Partiamo dalla prima?È l’idea della Puglia come regione felice, terra di un equilibrio irripetibile fra bellezza naturale e patrimonio dell’arte. Un fenomeno non soltanto turistico, se si pensa all’insistenza sul tema che cinema e letteratura hanno mostrato nel decennio scorso. In un certo senso, è stata la scoperta di un provincia in cui l’Italia dà il meglio di sé.
Ma non c’è solo questo, mi sembra di capire.Infatti. L’altro aspetto è legato al ruolo di locomotore economico che la Puglia stessa ha rivestito rispetto al resto del Mezzogiorno. In tempi di crisi gli investimenti nel settore dell’industria pesante si sono risolti in situazioni drammatiche e complesse. Le più note sono quella del Petrolchimico a Brindisi e dell’Ilva a Taranto. Quest’ultimo caso, in particolare, si è imposto con grande forza nel dibattito politico ed economico, fino ad assumere connotati quasi simbolici. La questione, però, è molto concreta. Basti pensare che a Taranto il 70% del Pil deriva proprio dall’Ilva. E che la fabbrica, per estensione, è addirittura più grande della città. Per non parlare del cielo.

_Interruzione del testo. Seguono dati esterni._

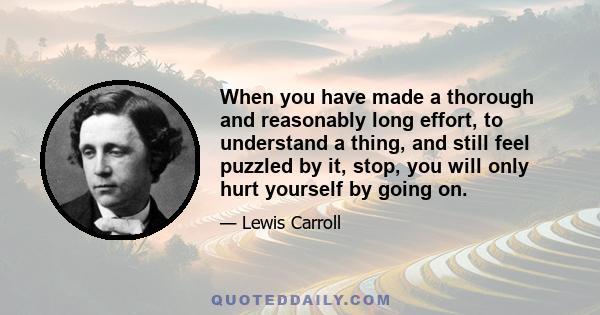 When you have made a thorough and reasonably long effort, to understand a thing, and still feel puzzled by it, stop, you will only hurt yourself by going on.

In che senso?Il cielo a Taranto è sempre coperto da una patina di ruggine. Il dilemma tra pane e veleno non si capisce fino in fondo se non ci si immedesima in questo contesto.

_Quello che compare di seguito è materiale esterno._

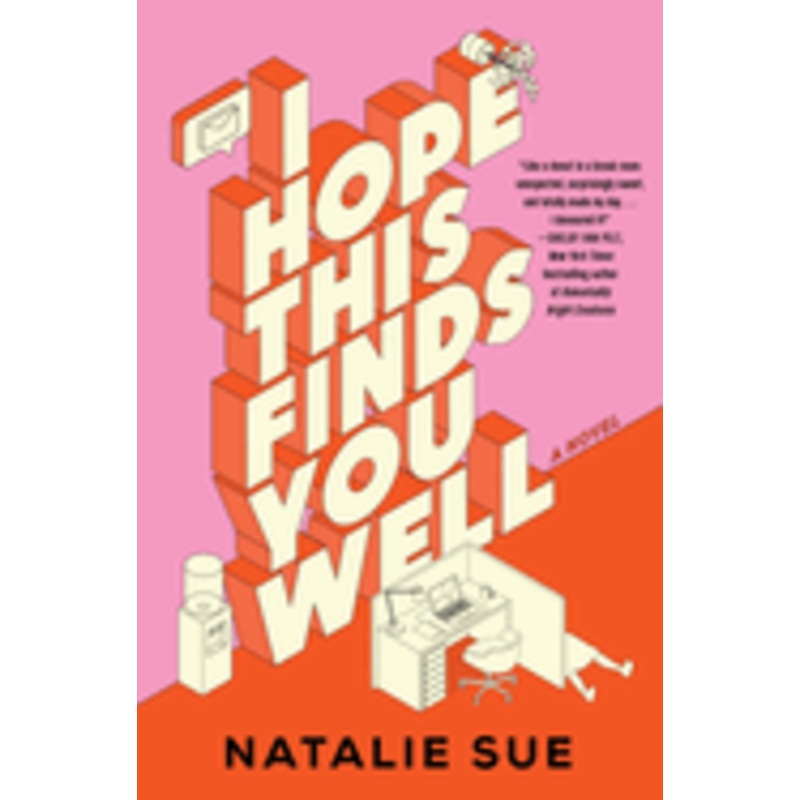 I Hope This Finds You Well by Natalie Sue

Ruggine e sole, insomma: le due Puglie sono ancora capaci di parlarsi?Per fortuna sì, e lo fanno più spesso di quanto non si creda. Un’esperienza significativa è quella dell’attore Michele Riondino, molto popolare per l’interpretazione del giovane Montalbano televisivo. Figlio di operai dell’Ilva, ha deciso di rimanere a Taranto, dove anima un comitato che, tra l’altro, si contraddistingue per un atteggiamento particolarmente combattivo. Qui le due immagini della Puglia si incontrano, mia pare, e danno vita a qualcosa di completamente inatteso.

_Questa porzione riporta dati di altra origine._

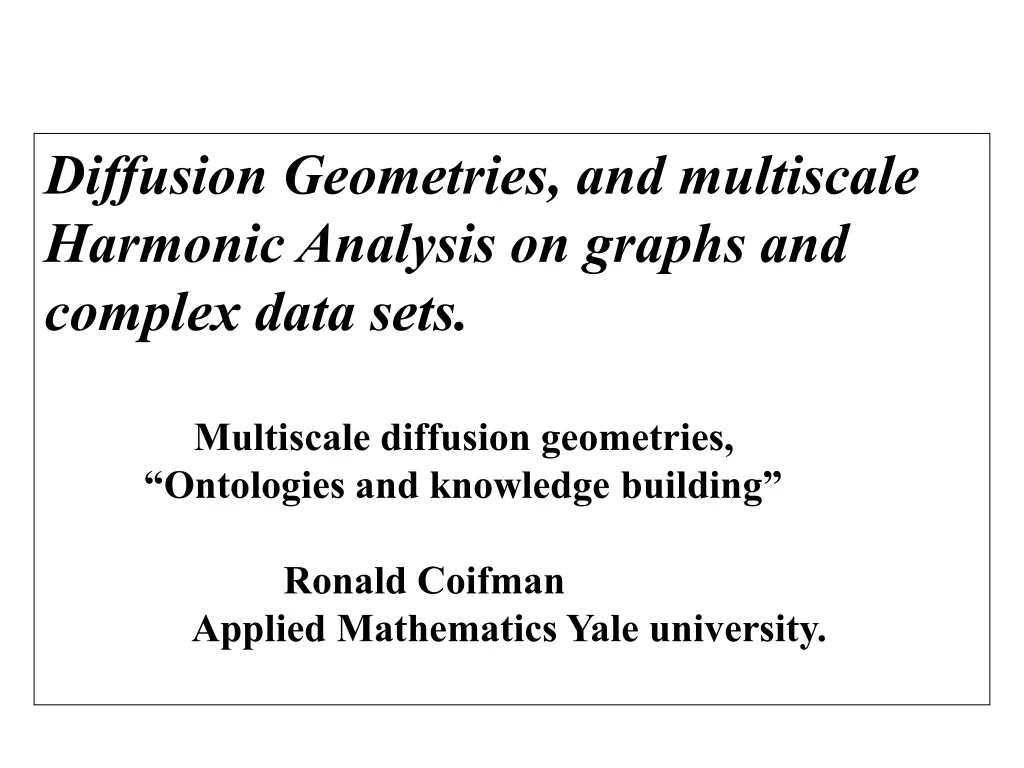 diffusion geometries and multiscale harmonic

Quindi questa è ancora una regione laboratorio?Lo è da sempre, per ragioni antropologiche e territoriali. Siamo la zona d’Italia più protesa a Oriente, la prima che ha avuto a che fare con gli sbarchi di extracomunitari. Siamo abituati ad affrontare il cambiamento, anche se un po’ a modo nostro. Già Giuseppe Di Vittorio sosteneva che in Puglia non esiste la classe operaia, ma quella dei “metalmezzadri”: gente che, finito il turno in fabbrica, torna a zappare nei campi...
E la Chiesa? Condivide questa pluralità?Sì, in Puglia anche il cristianesimo ha tanti volti. C’è una forte tradizione mistica, che dalle civiltà rupestri arriva alla devozione per padre Pio, e c’è un’anima sociale, che negli anni Ottanta ha avuto in don Tonino Bello la sua figura più carismatica e rappresentativa. Gran parte di quella che è oggi la classe dirigente della regione si è formata in quel periodo, maturando la convinzione che bellezza e lavoro siano realtà complementari e non contrapposte. Che le Puglie, in definitiva, siano una Puglia sola.